Spica Co., Ltd. was a Taiwanese distributor of pirated NES games. They sold games for the NTSC and Asian NES consoles, but not for the Famicom.
Not much is known about Spica, but they seem to have been a rather large company. Their games were sold in North America and Australia, in addition to several countries that recieved the Asian Version NES instead of the Famicom.
Spica released a mixture of multicarts and single games, as well as Famicom-NES converters and other accessories. The carts were supposedly made in Japan, though they were likely made in Hong Kong or Taiwan. Most of their games used the same box and label art, with a plain sticker on the top with the game's title. Spica's cartridges were specially made with a molded Spica logo. Spica did not alter the games in any way prior to releasing them, even the copyright notices were left unchanged. It is unknown if their multicarts contained hacked games, as the carts had been released by other companies and wouldn't have been changed.
Spica also released the 52-in-1 multicart that Action 52 was based on, though it is unknown if they were the original creators.
Several NES clone systems and accessories were released under the Spica brand, which seem to be mostly rebranded Micro Genius products. Their consoles included:
- IQ-701 - identical to the equivalent Micro Genius console aside from the Spica branding
- SP-801 - closely resembles the original NES. No Micro Genius equivalent is known, but the console was shipped with standard Micro Genius-style controllers.
Spica was shut down by Nintendo after they were caught selling Famiclones in Australia.

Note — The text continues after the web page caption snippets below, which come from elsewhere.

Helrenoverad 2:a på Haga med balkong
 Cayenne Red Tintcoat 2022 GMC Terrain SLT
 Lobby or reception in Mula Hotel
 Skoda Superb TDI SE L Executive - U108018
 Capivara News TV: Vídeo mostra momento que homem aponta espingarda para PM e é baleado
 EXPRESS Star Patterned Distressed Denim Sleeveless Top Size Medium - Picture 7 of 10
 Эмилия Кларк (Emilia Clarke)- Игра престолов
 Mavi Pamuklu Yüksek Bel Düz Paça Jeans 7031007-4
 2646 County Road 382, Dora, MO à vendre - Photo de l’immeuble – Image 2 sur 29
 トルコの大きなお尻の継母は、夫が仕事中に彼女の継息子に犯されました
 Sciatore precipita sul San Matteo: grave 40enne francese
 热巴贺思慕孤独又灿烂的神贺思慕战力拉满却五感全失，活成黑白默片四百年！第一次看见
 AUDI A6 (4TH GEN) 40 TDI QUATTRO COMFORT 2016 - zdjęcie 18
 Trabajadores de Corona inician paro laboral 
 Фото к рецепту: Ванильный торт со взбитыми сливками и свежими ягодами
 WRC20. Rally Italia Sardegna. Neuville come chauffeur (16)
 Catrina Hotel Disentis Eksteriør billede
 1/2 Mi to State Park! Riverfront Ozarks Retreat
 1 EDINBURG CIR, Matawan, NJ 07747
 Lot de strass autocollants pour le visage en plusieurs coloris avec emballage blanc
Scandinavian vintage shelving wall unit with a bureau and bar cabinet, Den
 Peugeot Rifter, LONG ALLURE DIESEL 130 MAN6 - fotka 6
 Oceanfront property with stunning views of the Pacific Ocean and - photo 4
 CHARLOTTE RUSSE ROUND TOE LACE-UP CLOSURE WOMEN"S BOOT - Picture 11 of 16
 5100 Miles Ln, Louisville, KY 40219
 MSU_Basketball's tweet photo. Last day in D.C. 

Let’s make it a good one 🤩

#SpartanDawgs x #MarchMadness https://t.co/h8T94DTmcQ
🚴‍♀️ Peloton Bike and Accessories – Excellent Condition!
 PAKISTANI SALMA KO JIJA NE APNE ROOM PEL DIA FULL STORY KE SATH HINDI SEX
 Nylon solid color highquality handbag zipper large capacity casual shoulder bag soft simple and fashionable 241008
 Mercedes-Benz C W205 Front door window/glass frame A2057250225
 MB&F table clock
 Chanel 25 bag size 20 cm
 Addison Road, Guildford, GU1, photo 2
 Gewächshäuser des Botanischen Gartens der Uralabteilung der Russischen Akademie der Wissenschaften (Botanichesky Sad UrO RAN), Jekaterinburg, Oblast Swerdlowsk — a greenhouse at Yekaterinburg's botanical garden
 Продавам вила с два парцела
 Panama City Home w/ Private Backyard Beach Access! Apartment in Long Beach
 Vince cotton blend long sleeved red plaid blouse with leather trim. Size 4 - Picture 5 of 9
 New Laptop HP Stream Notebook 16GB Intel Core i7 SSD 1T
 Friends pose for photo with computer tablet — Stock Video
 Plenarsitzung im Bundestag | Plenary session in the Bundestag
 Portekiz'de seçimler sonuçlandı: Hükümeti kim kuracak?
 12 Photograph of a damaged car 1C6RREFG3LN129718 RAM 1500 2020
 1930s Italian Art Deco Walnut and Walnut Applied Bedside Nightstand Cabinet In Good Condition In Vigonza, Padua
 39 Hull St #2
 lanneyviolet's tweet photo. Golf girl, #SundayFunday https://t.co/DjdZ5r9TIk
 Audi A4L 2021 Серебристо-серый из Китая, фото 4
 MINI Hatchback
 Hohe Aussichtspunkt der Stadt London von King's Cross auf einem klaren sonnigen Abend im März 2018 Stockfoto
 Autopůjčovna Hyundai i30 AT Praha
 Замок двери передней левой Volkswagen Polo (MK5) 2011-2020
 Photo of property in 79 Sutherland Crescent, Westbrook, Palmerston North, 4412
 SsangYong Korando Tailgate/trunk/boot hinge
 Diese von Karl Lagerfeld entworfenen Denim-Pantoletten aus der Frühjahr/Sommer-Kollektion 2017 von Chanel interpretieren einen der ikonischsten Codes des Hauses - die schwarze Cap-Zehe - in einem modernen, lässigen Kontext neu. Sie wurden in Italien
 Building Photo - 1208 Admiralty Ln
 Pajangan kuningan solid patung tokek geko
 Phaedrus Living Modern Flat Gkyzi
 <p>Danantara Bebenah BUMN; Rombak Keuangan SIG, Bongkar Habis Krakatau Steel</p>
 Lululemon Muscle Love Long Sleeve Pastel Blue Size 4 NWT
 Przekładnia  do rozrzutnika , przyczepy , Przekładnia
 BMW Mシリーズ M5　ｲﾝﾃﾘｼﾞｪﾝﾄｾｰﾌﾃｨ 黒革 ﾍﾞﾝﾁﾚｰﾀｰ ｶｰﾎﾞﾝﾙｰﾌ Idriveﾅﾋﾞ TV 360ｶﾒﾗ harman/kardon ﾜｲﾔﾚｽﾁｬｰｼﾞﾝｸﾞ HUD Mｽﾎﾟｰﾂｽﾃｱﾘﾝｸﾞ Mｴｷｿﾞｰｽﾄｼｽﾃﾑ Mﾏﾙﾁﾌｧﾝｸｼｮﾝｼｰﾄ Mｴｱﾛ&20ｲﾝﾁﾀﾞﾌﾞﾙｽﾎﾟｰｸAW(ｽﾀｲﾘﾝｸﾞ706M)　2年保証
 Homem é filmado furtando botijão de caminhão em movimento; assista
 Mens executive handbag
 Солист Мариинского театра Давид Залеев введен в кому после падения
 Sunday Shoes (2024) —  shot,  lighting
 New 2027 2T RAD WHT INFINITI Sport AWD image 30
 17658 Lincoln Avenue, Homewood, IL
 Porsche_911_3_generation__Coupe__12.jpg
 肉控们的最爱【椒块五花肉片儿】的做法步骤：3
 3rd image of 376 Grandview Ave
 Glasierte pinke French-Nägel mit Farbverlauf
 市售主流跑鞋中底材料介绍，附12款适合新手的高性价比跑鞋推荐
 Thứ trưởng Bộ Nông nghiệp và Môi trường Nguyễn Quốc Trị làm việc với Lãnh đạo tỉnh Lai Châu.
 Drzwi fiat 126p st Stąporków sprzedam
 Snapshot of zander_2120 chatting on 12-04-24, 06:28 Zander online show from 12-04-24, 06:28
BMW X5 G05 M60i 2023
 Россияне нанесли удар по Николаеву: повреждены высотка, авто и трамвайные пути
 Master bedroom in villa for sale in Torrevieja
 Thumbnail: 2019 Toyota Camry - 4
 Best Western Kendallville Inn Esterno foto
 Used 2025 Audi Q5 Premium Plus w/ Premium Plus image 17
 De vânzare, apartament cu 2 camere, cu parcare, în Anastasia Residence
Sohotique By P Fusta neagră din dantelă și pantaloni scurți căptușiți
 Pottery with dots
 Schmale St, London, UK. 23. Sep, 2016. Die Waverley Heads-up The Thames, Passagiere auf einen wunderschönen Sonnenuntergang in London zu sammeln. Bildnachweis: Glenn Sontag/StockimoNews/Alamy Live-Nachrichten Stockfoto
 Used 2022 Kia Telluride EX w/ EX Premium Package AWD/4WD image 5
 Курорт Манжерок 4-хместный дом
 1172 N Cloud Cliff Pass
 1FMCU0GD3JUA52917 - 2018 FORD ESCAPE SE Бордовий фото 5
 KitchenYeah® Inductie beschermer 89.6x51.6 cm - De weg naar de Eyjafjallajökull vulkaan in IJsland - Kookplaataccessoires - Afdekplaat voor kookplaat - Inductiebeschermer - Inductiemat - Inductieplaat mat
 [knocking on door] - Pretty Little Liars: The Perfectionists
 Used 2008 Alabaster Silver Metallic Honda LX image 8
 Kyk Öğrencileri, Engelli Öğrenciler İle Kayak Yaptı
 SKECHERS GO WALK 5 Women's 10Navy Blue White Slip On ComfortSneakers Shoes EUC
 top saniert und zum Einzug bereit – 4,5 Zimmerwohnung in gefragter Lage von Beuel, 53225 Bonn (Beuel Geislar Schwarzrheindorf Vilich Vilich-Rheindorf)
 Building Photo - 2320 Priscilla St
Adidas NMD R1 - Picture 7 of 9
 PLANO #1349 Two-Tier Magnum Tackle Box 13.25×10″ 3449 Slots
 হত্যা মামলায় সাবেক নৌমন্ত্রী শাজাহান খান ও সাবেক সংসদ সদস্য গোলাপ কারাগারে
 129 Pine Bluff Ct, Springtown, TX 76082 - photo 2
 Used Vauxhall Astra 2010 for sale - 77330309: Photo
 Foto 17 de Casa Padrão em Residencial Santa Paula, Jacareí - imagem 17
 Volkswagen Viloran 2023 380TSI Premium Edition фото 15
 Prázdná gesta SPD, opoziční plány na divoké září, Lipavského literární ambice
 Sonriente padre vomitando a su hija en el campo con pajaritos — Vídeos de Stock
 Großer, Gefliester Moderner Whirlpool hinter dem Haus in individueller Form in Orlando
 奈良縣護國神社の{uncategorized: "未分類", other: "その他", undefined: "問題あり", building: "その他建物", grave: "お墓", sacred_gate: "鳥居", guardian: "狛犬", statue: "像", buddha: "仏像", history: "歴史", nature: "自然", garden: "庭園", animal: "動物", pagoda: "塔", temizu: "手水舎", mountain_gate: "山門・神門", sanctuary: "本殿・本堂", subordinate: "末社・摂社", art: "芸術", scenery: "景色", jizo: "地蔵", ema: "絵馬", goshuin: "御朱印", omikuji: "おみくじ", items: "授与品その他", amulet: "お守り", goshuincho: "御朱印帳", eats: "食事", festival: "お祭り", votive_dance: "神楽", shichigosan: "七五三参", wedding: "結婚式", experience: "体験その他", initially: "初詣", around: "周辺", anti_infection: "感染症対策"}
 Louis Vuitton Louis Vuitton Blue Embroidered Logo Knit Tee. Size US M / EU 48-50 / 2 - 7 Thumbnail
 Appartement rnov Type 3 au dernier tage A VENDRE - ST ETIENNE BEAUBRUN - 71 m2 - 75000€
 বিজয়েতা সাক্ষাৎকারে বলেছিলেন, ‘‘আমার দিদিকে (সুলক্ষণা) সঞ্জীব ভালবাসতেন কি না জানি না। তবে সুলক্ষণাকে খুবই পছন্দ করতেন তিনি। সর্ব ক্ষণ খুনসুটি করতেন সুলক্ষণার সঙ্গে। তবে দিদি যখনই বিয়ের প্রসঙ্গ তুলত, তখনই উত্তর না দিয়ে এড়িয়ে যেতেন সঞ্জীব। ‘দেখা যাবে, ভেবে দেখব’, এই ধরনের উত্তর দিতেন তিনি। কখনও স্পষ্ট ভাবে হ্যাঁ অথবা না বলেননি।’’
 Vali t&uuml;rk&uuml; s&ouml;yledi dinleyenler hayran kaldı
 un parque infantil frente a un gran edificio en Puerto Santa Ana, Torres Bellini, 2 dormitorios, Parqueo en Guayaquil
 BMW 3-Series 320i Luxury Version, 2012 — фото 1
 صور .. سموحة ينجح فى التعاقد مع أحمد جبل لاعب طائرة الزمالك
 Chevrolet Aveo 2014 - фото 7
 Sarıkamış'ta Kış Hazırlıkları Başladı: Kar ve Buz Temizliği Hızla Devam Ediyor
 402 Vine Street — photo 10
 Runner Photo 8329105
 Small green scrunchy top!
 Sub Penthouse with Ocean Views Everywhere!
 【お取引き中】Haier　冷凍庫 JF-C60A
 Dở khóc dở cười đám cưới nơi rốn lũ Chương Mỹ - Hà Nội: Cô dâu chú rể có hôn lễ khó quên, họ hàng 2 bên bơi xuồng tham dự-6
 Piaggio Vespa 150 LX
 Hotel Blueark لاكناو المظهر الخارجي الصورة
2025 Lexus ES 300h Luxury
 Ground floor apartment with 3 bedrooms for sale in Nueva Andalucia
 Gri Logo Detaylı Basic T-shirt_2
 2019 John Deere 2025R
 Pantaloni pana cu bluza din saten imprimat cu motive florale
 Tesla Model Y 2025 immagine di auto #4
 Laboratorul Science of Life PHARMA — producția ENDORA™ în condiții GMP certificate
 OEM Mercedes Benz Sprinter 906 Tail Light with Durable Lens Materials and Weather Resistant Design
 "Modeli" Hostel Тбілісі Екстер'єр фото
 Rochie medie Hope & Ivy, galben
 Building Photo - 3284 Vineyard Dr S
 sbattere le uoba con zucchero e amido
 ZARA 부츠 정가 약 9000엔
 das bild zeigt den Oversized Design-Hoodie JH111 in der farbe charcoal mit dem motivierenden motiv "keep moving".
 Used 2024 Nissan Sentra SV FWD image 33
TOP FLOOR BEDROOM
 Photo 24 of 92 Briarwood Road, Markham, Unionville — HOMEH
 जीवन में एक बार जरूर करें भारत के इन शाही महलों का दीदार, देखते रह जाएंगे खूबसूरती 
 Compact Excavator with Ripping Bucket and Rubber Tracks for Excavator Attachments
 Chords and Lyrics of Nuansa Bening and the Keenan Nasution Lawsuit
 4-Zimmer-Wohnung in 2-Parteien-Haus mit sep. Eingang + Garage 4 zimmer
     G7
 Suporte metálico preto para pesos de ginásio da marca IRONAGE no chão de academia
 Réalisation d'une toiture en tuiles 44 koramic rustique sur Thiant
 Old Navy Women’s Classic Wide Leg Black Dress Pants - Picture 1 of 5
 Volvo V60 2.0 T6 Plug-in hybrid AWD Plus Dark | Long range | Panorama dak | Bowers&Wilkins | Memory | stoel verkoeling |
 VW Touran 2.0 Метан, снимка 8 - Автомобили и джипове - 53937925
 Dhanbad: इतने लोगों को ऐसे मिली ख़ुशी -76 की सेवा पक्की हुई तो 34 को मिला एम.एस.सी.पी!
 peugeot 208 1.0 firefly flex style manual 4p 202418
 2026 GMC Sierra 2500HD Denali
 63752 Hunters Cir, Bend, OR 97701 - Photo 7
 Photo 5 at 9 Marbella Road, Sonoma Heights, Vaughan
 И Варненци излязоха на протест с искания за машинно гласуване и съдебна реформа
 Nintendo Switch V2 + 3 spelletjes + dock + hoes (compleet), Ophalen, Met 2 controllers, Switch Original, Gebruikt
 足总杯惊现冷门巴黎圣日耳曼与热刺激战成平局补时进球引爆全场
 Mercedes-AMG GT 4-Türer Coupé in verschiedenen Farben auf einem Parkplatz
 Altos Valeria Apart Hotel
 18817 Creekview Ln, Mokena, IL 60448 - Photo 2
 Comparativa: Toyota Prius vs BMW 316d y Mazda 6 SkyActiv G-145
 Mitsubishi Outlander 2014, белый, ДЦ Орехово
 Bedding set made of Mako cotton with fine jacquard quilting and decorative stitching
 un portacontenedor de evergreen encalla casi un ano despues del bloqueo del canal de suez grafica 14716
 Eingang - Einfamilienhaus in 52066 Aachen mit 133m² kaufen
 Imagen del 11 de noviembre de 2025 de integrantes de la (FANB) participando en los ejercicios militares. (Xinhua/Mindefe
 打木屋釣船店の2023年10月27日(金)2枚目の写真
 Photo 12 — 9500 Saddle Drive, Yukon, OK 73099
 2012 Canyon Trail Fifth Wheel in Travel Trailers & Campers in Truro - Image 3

At that time, Nintendo still had the rights to the NES patents, hence, Famiclones were illegal. In addition to this, the Famiclones looked like NES consoles, meaning they violated the design patents as well.
'New old stock' of Spica's games can occasionally be found online.
Most of Spica's box/label arts are originated from Japanese mangas and animes, usually completely unrelated to the actual content of the cartridge. These arts are directly ripped from the original source without any altering, so they sometimes contain Japanese statement that doesn't make sense to be printed on a video game label such as "coloring book" and "sing-a-song included".
The box art shown above comes from Choujin Kintaman(超人キンタマン), a Japanese manga started in 1981 and ended in 1987. This is rather unusual choice for a game box art, since the manga never had a video game about it. Another box art uses an artwork from GeGeGe no Kitaro(ゲゲゲの鬼太郎), a Japanese manga which actually had a couple of Famicom games about it. However, the art is not taken from the games.